If you have found this tutorial, you have probably done NLP projects where you (a) start with documents, (b) break them into individual words, and then (c) use computation to draw conclusions about the words in the documents. For instance, in your last project, maybe you took a collection of documents, broke the documents into individual words and then ran a topic model to find groups of words that tended to appear together in the documents. 

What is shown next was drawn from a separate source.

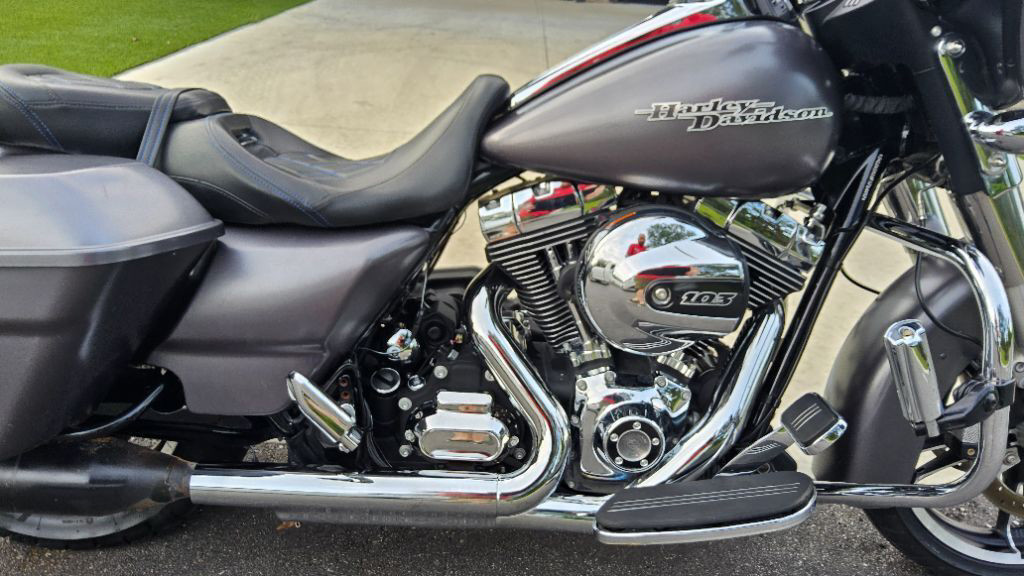 Street Glide®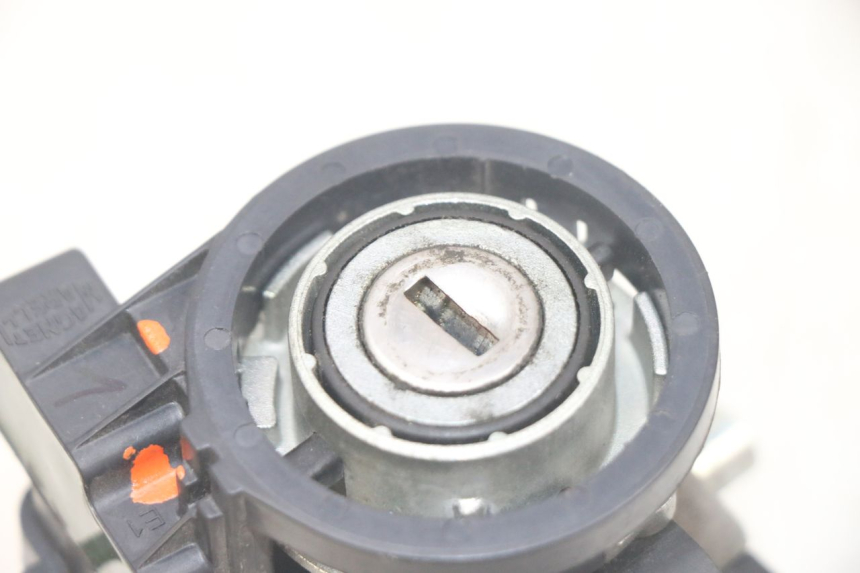 photo de SCHLOSSSATZ CDI PIAGGIO MP3 HPE 300 (2019 - 2026) - Hochauflösende Nahaufnahme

Breaking documents into individual words implicitly represents text in terms of single-word units called **unigrams**. The unordered collection of all the unigrams in a document is often called a   **bag of words** (see [Jurafsky and Martin](https://web.stanford.edu/~jurafsky/slp3/4.pdf)). Representing text using the unigram bag of words has many advantages. For one, analyzing unigrams is easy and fast; you can take a big text document and break it into a bunch of single-word observations, so you can observe useful statistical properties from the text. 

However, breaking documents into single words for downstream analysis does have downsides. One limitation is that some concepts or linguistic units within documents consist of multiple words, and so get lost or discarded when you using a unigram representation. For instance, the string "New York" refers to a particular city (or state). If you break this string into single word units "New" and "York", and put each of these unigrams to your bag of words, your representation of the text does not really represent the concept "New York".  That means when you draw conclusions about lexical units during downsteam analysis, you won't be able to draw conclusions about "New York". 

For this reason, it sometimes may make sense for you to analyze groups of words instead of unigrams. This tutorial will show you how to do NLP with groups of words, which we will call **phrases** or **multi-word expressions**. We will show how to (A) extract phrases from documents and (B) use these phrases for downstream analysis. 

## High-level takeaways

1. **You can use phrases when you do NLP.** There are many existing tools and methods for extracting phrases (e.g. [PyATE](https://github.com/kevinlu1248/pyate)). In this tutorial, we will explore using phrases extracted via Python package [phrasemachine](https://github.com/slanglab/phrasemachine) which you can install using `pip install phrasemachine`. Phrasemachine is based on the method described in the paper [Bag of What](https://aclanthology.org/W16-5615.pdf).
2. **You can be creative and define phrases in a way that makes sense for your problem.**  `phrasemachine` uses a grammar over part-of-speech tags to extract phrases. The particular phrasemachine patterns are often useful. But in your work, think of other kinds of phrasal patterns you might want to extract using regular expressions. For instance, if you are analyzing the political valance of economic theories, you might want to search economics papers for a pattern like "theory of \$ADJ\?(NOUN|PROPN)+" (e.g. "Theory of Monetary Policy").

#### Unigram bag of words

Let's start with a single (short) document and break it into a unigram bag of words. It's easy to find packages for this online, but we will just use vanilla Python for this. A few notes:

- We will define words using a whitespace delimiter below, but note there are also other better ways to do [tokenization](https://web.stanford.edu/~jurafsky/slp3/ed3book.pdf).
- Note that a [bag](https://en.wikipedia.org/wiki/Multiset) is a set that allows duplicates; notice that the word `a` appears two times in the `unigram_bag_of_words`.
- Note that each item in our bag is a unigram (single word)

In [149]:
from collections import defaultdict
document =  "Solyndra received a loan guarantee. The Department of Energy offered the guarantee.".replace(".","")
unigram_bag_of_words = defaultdict(int)
for word in document.split():
    unigram_bag_of_words[word] += 1

unigram_bag_of_words

defaultdict(int,
            {'Department': 1,
             'Energy': 1,
             'Solyndra': 1,
             'The': 1,
             'a': 1,
             'guarantee': 2,
             'loan': 1,
             'of': 1,
             'offered': 1,
             'received': 1,
             'the': 1})

### Discussion: what are some phrases that get missed?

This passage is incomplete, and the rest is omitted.